Rather than get into another fruitless exchange of views about faith schools, at least CV and other church schools do not hide their mission and the churches are not trying to infiltrate and take over non-church schools. Interestingly, two Labour MPs in Birmingham have been talking about the problem there for a few weeks. On the one hand, Khalid Mamood (Muslim) has been attacking the infiltration very trenchantly, whereas Liam Byrne has been crying Islamophobia, community relations damaged, blah, blah, blah. Local Muslims have more to fear from the fanatics than anyone else. We shall see what the report has to say tomorrow.

rogertitcombe's picture
Sun, 08/06/2014 - 21:20

FJM - You are right. But Liam Byrne has also been criticised by LSN contributors including strong Labour supporters here.

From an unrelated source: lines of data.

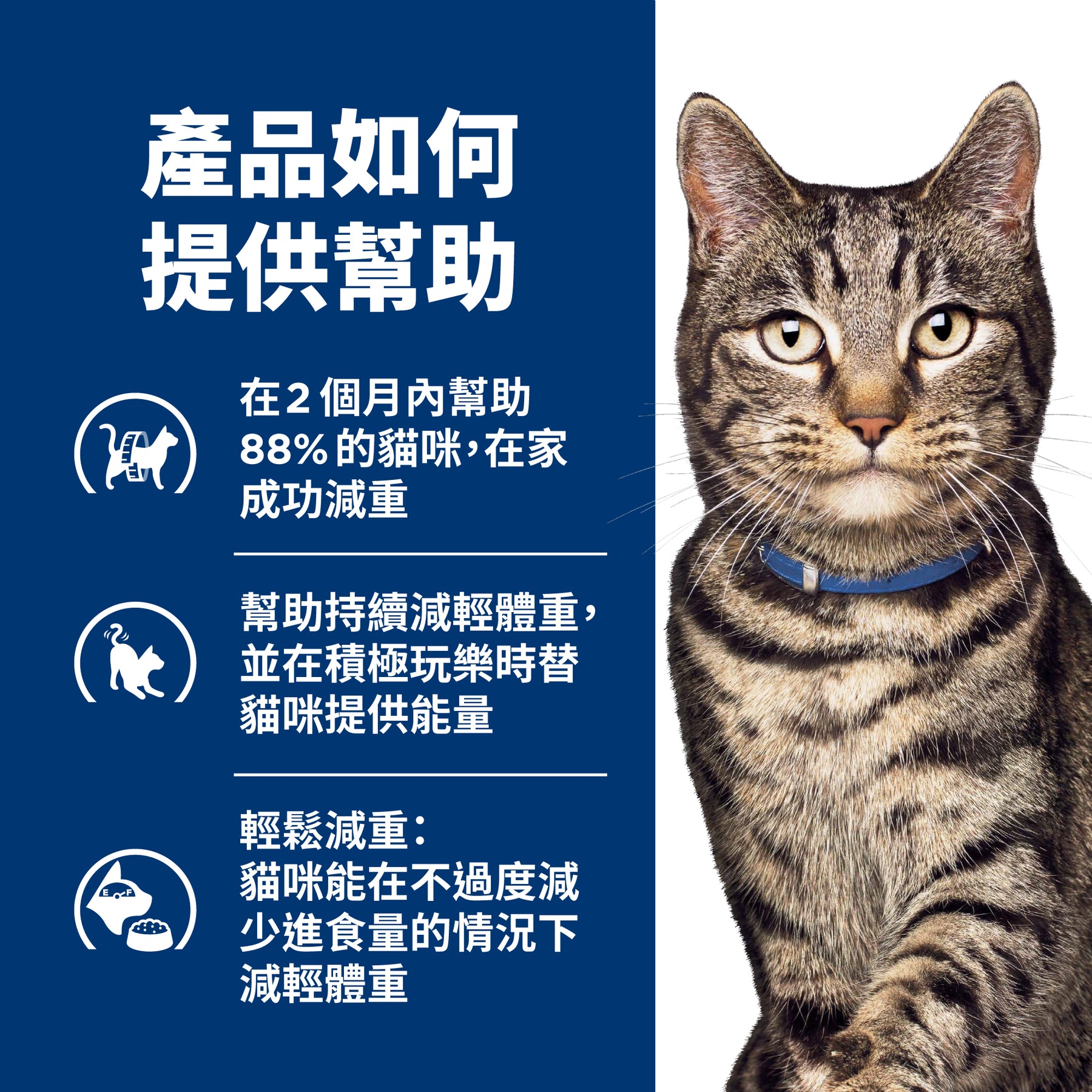 希爾思處方食品 貓用 Metabolic體重管理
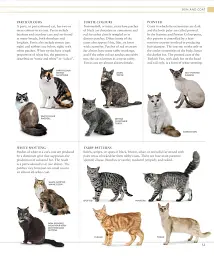 The Cat Encyclopedia - мініатюра 5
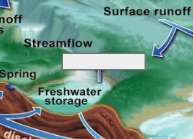 <p>The Water Cycle: Name this step</p>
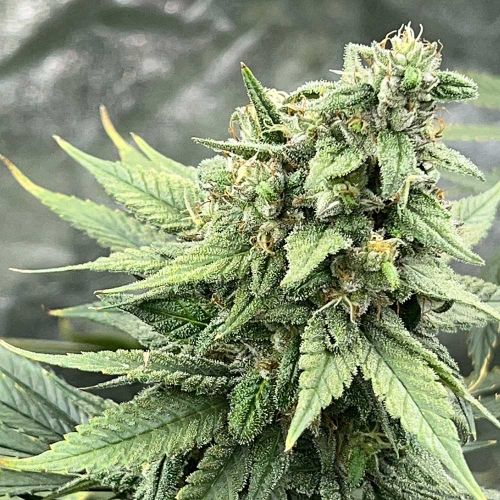 Pink LemonAid S1 Feminized Cannabis Seeds by Mosca Seeds 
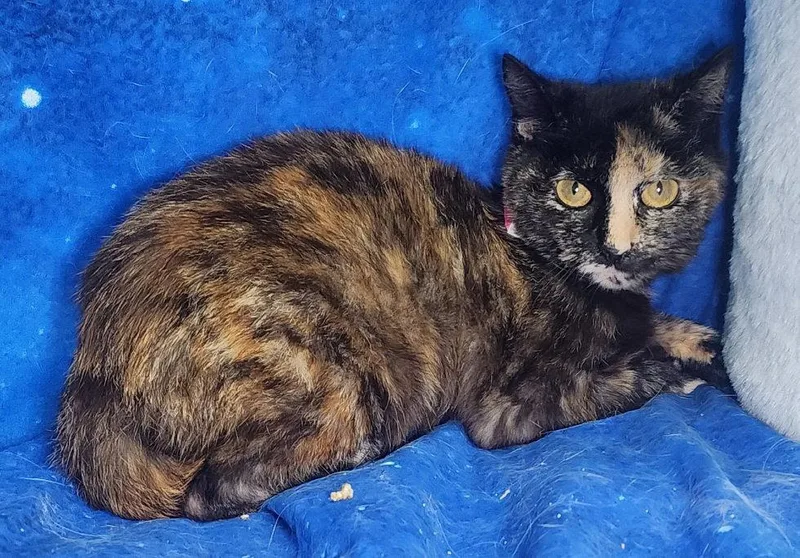 A young medium-sized female Domestic Short Hair cat named Crescent for adoption in Wetumpka, AL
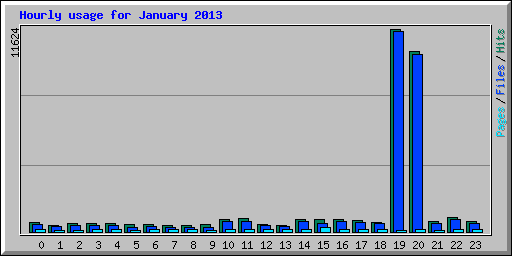 Hourly usage for January 2013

http://www.localschoolsnetwork.org.uk/2014/06/why-liam-byrne-is-wrong-ab...

Andy V's picture
Mon, 09/06/2014 - 12:09

Neither does the traditional 'faith' sector stand accused of turning of radicalised believers who are likely to become involved in acts of aggression in this country or elsewhere.

These traditional 'faith' schools do what they say on the tin and have a broad and balanced curriculum. For Ms Bennett to smear the stated mission of schools such as CV by tarring them with the same brush as 'radicalised Islam' is a slur to far and demonstrates her ignorance and not a little of what I suspect is blindly aggressive atheism.

FJM's picture
Mon, 09/06/2014 - 16:08

Indeed!


Andy V's picture
Mon, 09/06/2014 - 12:02

Yet more mindless, ill-considered, ill-conceived nonsense from politicians. I don't much care what guise they come in they are senseless in their striving to obtain votes from any quarter. Blair stole the Conservative clothes to win in 1997 and now Milliband is stealing from the LibDem wardrobe and teenie voters.

We saw rampant immigration under Blair/Brown in their drive to change the voting scales in their favour and Milliband thinks the 16-17 bracket will fall over themselves to say thank you by voting for his party.

This an example of abjectly arrogant political nonsense. A conspiracy theorist might suggest that this is Labour's way of countering the potential loss of all their seats in an independent Scotland.